Il résulte directement des considérations qui précèdent que M. [C], en présentant une Requête aux fins de récusation qui n’est fondée ni en droit ni en fait, a agi de manière abusive.

Il faut encore relever ici que l’affaire est particulièrement ancienne, que M. [C] a fait le choix de se défendre seul (il a bénéficié par le passé de l’assistance d’un conseil au titre de l’aide juridictionnelle), qu’il ne peut prétendre oser mettre en cause un manque d’impartialité d’un juge alors qu’il a par anticipation préparé une requête à cette fin et n’a pas même pris le temps d’attendre que la demande de renvoi qu’il souhaitait formuler ait pu être entendue et débattue.

Si M. [C] est libre de choisir les moyens de sa défense, encore lui appartient-il de considérer qu’il est le seul responsable de ses choix et que le refus de soumettre au juge le litige alors qu’il en est, peut-être à raison d’ailleurs, à l’origine s’agissant de la procédure d’appel, en saisissant toute occasion de retarder la possibilité pour le juge de statuer, y compris sur une simple demande de renvoi, caractérise un abus de droit qui doit être sanctionné.

La juridiction du premier président ne peut que noter que la pièce annexée par M. [C] à la Requête est la copie d’un courriel adressé par son ancien avocat à Me [F] [S], en date du 28 octobre 2022, dans lequel il est précisé que M. [C] désire plaider lui-même ses dossiers, a fait le tri des pièces que ce conseil souhaitait lui remettre et « a refusé de prendre (les) conclusions (de Me [S]), notamment du au fait qu’il ne connaissait pas la société », étant observé que ces conclusions étaient au nom de Extia vu l’intitulé de ce courriel.

En d’autres termes, M. [C] multiplie les artifices et les incidents de toute nature pour retarder l’examen d’une affaire dont, encore une fois, il est, à hauteur d’appel, à l’origine en tant qu’appelant.
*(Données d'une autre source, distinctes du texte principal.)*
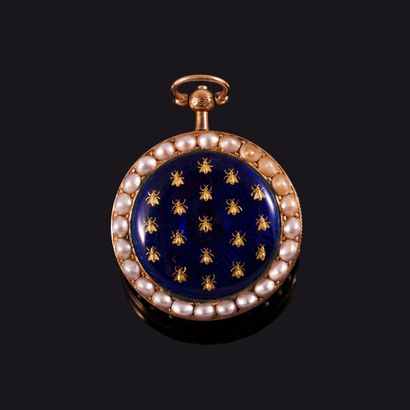  Rare Neck Watch with the Figure of Napoleon I Emperor 
 Case in 750°/00 gold with...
Un tel comportement, aussi dilatoire qu’abusif, doit être sanctionné et M. [C] sera condamné à une amende civile d’un montant qui sera justement fixé à 3 000 euros.

Le greffe adressera une copie exécutoire de la présente décision au Trésor public, précision donnée que M. [C] est né le 25 novembre 1970 à [Localité 3] (93).

PAR CES MOTIFS

Rejetons la requête en récusation de M. [Y] [C] ;

Condamnons M. [Y] [C] à une amende civile d’un montant de 3 000 euros ;

Disons que le greffe adressera une copie exécutoire de la présente décision au Trésor public ;

Condamnons M. [Y] [C] aux dépens de la présente procédure ;

Disons que le greffe adressera une copie de la présente décision à Me [F] [S] ainsi qu’à M. le président [Z] [S], M. le conseiller [X], Mme la conseillère [P] ;

Disons que la présente décision peut faire l’objet d’un pourvoi dans les quinze jours de sa notification par le greffe.